Chacun de mes romans est une aventure de découverte. Au travers d’une histoire d’amour, d’espionnage, de détective, d’aventure, on découvre de véritables choses sur notre monde. C’est ce que j’essaie de faire dans mes romans, souvent avec un personnage portugais, qui est Tomas Noronha, que de plus en plus de Français connaissent. C’est une sorte de « tintin » ou « Indiana Jones » en portugais. Et Thomas, avec ses aventures, nous permet aussi de découvrir des choses sur notre monde.
Mes lecteurs sont très variés, donc mes romans sont très transversaux. J’essaie d’écrire d’une manière très claire. Si un lecteur lit un livre et qu’il ne l’entend pas, ce n’est pas de sa faute, c’est de ma faute. J’essaie d’écrire d’une manière intéressante, pour que les gens soient attachés à l’histoire et qu’ils aient envie d’apprendre.
Chaque livre est différent du précédent.

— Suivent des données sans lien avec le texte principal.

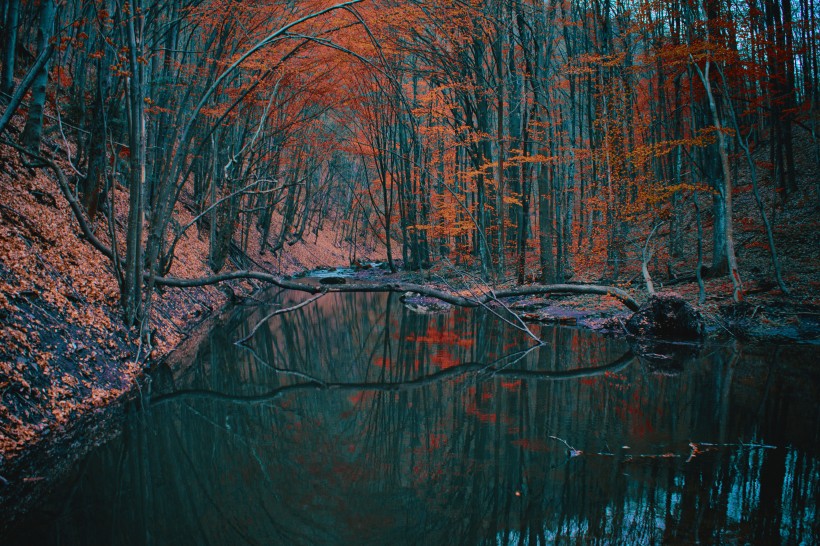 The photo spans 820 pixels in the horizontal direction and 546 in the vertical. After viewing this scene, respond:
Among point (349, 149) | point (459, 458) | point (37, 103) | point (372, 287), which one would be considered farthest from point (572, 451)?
point (349, 149)

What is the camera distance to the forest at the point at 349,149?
6.09 metres

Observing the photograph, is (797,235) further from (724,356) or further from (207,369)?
(207,369)

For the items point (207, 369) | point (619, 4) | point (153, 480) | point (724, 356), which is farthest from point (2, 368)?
point (619, 4)

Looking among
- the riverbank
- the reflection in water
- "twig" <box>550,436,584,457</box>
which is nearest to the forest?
the riverbank

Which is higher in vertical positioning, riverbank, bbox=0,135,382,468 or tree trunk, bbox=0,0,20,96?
tree trunk, bbox=0,0,20,96

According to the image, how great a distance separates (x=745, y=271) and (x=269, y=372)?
12.8 meters

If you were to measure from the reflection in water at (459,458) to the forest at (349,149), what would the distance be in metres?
1.26

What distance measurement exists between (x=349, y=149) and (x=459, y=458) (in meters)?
21.1

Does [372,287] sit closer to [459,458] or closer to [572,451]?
[459,458]

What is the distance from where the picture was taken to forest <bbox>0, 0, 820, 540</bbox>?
6086 mm

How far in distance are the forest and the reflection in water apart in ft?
4.13

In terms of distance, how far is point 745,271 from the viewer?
12.6 m

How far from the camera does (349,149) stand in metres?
23.4

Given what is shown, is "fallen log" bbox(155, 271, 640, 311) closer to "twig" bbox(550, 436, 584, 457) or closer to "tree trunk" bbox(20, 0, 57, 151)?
"tree trunk" bbox(20, 0, 57, 151) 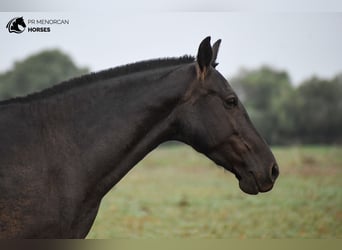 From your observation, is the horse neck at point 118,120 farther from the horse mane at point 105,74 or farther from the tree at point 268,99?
the tree at point 268,99

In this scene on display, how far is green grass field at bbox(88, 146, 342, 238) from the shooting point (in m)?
5.19

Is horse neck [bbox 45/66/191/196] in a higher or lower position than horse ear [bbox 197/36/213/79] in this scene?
lower

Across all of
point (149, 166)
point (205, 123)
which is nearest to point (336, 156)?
point (149, 166)

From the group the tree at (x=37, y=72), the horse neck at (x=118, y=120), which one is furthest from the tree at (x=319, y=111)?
the horse neck at (x=118, y=120)

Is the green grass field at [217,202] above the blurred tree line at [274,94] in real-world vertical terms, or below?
below

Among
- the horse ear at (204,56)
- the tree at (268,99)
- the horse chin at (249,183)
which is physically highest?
the horse ear at (204,56)

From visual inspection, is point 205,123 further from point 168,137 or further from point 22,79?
point 22,79

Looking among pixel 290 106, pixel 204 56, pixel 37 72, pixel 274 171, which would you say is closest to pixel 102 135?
pixel 204 56

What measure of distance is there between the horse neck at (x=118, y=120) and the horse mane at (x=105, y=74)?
0.05 m

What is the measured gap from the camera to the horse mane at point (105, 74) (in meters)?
2.30

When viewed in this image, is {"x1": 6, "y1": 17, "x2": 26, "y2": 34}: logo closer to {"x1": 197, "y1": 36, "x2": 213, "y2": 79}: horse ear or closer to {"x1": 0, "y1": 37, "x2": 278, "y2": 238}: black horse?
{"x1": 0, "y1": 37, "x2": 278, "y2": 238}: black horse

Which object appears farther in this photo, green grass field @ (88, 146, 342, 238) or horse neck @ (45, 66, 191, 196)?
green grass field @ (88, 146, 342, 238)

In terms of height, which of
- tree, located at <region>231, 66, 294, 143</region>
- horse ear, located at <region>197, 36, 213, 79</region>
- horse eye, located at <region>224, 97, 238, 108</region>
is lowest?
tree, located at <region>231, 66, 294, 143</region>

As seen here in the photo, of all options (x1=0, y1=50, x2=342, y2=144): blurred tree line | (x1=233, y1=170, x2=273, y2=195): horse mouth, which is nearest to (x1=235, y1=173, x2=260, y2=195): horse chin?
(x1=233, y1=170, x2=273, y2=195): horse mouth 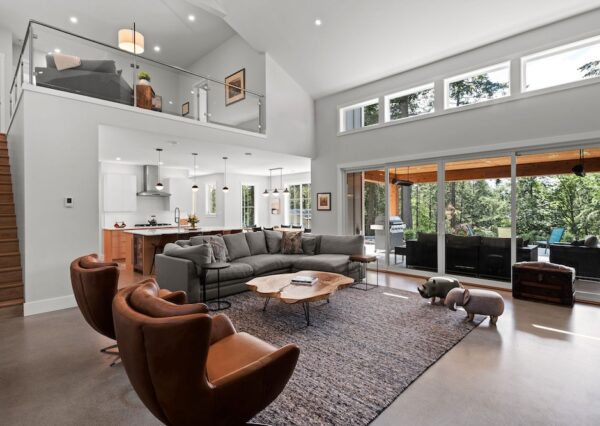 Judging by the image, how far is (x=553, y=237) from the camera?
487 cm

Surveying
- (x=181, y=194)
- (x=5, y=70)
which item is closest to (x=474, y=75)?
(x=181, y=194)

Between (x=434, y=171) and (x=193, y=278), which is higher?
(x=434, y=171)

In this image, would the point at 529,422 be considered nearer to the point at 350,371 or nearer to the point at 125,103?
the point at 350,371

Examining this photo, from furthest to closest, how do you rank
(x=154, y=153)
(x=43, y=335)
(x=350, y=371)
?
(x=154, y=153) < (x=43, y=335) < (x=350, y=371)

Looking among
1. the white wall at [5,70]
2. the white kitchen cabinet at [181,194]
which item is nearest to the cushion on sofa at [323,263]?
the white kitchen cabinet at [181,194]

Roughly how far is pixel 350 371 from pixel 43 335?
10.6ft

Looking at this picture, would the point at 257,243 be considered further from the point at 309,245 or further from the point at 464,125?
the point at 464,125

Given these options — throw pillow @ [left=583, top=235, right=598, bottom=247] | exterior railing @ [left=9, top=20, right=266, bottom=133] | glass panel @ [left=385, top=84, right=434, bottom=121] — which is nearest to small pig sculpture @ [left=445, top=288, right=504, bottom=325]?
throw pillow @ [left=583, top=235, right=598, bottom=247]

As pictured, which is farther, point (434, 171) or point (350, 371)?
point (434, 171)

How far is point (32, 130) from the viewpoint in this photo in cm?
407

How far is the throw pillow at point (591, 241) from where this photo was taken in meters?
4.55

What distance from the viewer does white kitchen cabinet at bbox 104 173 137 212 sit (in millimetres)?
8938

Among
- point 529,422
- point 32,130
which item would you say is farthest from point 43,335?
point 529,422

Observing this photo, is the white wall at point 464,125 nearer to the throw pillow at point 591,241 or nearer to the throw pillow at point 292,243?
the throw pillow at point 591,241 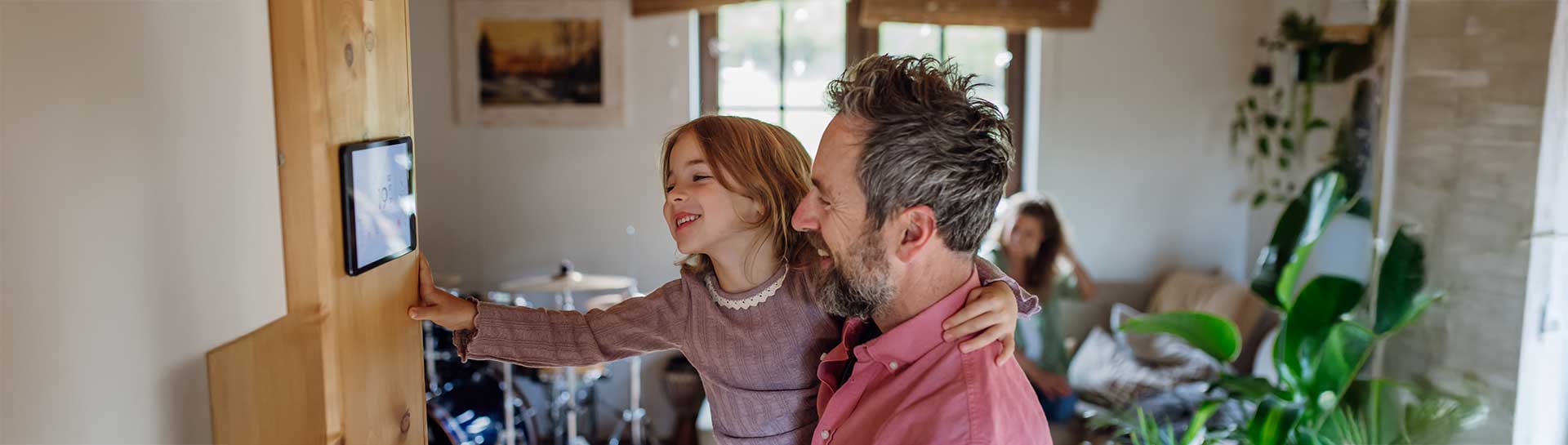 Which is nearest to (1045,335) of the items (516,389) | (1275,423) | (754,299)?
(1275,423)

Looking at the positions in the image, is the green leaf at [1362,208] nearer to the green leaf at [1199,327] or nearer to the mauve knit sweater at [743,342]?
the green leaf at [1199,327]

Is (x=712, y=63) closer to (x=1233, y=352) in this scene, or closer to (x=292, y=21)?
(x=1233, y=352)

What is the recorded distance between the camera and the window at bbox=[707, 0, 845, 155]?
4.70 meters

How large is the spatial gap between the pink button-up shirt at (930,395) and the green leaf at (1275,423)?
5.43 ft

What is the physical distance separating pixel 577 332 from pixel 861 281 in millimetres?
416

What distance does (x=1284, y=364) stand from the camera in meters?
2.61

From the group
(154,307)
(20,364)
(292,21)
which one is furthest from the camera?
(292,21)

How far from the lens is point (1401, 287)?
2562 mm

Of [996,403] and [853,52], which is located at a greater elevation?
[853,52]

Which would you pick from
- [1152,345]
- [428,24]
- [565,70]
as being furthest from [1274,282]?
[428,24]

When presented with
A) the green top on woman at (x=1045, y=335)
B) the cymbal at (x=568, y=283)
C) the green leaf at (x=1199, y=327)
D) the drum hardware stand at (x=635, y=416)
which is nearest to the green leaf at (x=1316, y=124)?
the green top on woman at (x=1045, y=335)

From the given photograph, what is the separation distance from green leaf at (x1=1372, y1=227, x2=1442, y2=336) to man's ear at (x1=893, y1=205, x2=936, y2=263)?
1.84 meters

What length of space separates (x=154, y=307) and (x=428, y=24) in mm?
4024

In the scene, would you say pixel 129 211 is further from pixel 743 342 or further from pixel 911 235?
pixel 743 342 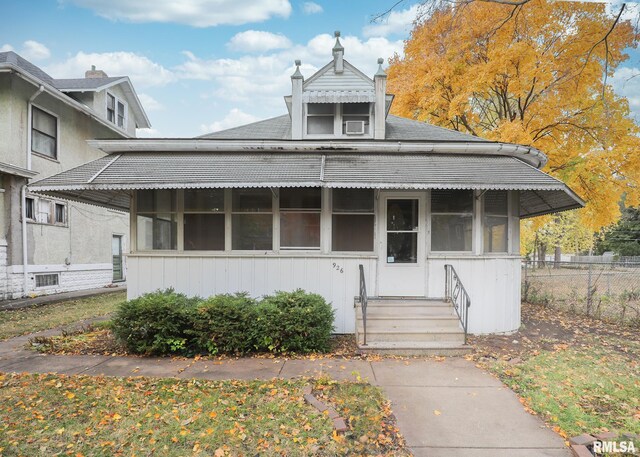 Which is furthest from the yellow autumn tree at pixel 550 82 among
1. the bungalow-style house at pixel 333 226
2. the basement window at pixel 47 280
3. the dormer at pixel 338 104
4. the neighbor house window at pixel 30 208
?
the basement window at pixel 47 280

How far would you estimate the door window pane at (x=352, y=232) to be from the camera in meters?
7.16

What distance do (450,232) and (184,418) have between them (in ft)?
19.1

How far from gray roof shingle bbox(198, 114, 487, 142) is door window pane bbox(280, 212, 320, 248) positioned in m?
2.20

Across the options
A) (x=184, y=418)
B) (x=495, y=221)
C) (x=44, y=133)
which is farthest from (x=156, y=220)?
(x=44, y=133)

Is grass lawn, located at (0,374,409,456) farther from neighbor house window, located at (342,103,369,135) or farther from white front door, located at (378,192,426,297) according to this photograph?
neighbor house window, located at (342,103,369,135)

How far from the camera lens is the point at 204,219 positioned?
725cm

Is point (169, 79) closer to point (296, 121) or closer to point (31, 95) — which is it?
point (31, 95)

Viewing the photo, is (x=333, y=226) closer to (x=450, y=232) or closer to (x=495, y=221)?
(x=450, y=232)

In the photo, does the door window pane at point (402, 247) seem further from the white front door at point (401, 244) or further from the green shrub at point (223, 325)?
the green shrub at point (223, 325)

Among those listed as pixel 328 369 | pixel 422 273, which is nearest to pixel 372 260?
pixel 422 273

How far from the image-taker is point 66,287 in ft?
45.4

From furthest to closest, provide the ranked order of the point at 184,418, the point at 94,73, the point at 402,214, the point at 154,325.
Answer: the point at 94,73 → the point at 402,214 → the point at 154,325 → the point at 184,418

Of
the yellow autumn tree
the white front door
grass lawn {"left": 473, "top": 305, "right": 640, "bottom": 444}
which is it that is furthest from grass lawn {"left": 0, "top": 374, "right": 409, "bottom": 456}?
the yellow autumn tree

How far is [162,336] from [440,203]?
583 centimetres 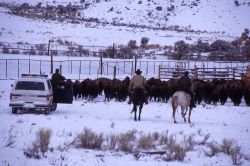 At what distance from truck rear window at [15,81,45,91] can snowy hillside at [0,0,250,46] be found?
4115 centimetres

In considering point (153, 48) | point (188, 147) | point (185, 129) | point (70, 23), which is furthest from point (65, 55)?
point (188, 147)

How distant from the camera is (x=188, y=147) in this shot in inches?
521

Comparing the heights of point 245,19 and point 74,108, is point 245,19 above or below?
above

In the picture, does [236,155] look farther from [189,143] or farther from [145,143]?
[145,143]

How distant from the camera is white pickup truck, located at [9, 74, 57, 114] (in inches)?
780

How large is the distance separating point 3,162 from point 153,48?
57.7 metres

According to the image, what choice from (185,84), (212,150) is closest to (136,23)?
(185,84)

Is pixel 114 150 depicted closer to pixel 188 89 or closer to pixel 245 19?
pixel 188 89

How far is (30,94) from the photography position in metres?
19.8

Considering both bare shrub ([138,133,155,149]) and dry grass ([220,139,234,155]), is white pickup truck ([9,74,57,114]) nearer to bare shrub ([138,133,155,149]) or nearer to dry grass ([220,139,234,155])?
bare shrub ([138,133,155,149])

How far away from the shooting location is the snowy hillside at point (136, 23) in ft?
224

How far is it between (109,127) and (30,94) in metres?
4.47

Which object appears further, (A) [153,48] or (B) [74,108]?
(A) [153,48]

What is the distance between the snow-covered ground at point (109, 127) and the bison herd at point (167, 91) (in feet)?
2.05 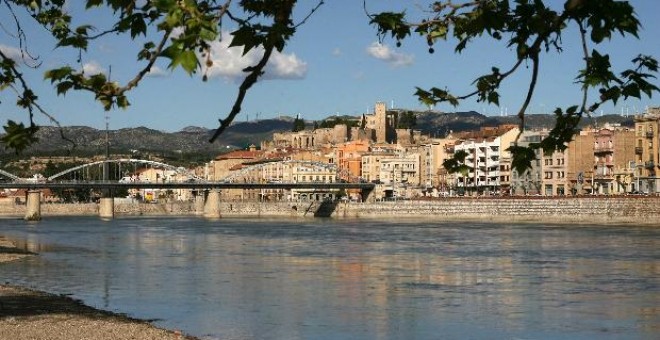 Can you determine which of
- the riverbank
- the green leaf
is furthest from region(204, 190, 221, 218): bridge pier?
the green leaf

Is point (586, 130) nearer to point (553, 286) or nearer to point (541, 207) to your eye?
point (541, 207)

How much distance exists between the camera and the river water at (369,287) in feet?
73.0

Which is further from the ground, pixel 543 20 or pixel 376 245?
pixel 543 20

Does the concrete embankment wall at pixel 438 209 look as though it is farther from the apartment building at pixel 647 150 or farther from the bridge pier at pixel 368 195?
the apartment building at pixel 647 150

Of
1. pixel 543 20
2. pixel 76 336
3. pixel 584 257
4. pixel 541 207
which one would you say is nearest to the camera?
pixel 543 20

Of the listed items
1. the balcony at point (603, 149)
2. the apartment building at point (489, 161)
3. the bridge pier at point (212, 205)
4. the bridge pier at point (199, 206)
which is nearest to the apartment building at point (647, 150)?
the balcony at point (603, 149)

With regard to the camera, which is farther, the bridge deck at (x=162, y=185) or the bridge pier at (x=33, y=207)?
the bridge pier at (x=33, y=207)

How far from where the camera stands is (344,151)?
183000 millimetres

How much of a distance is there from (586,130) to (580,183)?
8.35 metres

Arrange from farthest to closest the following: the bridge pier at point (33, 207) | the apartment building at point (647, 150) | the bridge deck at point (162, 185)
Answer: the bridge pier at point (33, 207)
the bridge deck at point (162, 185)
the apartment building at point (647, 150)

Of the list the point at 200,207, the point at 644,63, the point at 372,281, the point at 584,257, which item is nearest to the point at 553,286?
the point at 372,281

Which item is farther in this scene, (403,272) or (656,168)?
(656,168)

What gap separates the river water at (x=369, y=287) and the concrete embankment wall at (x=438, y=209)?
42567 millimetres

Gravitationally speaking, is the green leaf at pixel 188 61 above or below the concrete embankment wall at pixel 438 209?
above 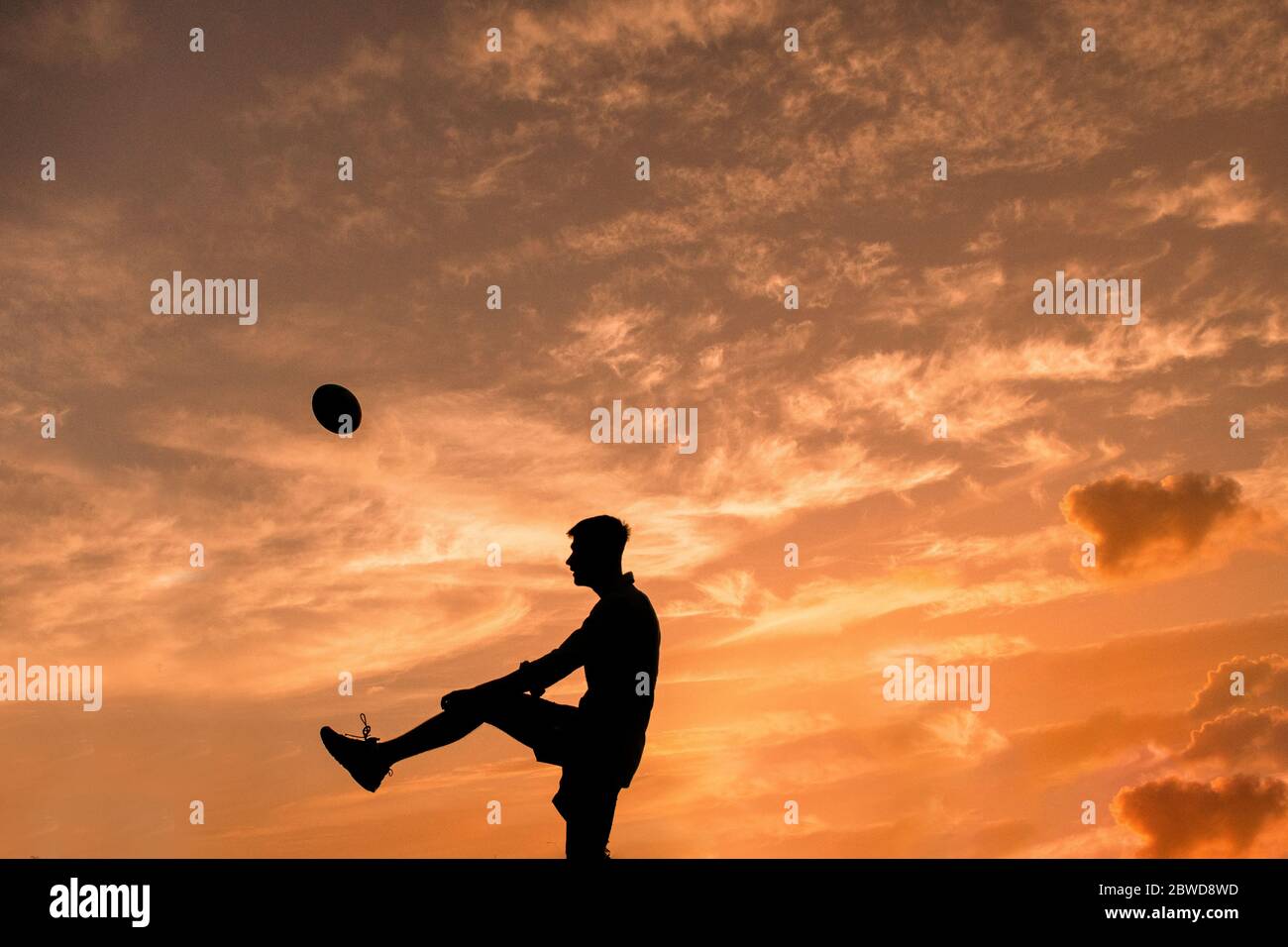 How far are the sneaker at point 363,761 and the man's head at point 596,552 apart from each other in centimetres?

Je choisis des thèmes qui vont intéresser les gens. J’ai tendance à dire que mes romans ne sont pas des passe-temps, mais des gagne-temps, dans le sens où nous nous amusons à lire une histoire, peut-être une histoire d’amour, mais nous apprenons sur une période historique, sur la science, sur n’importe quel aspect de la religion, n’importe quel aspect de la connaissance. C’est ce qui fait la force de mes romans, cette idée de gagne-temps.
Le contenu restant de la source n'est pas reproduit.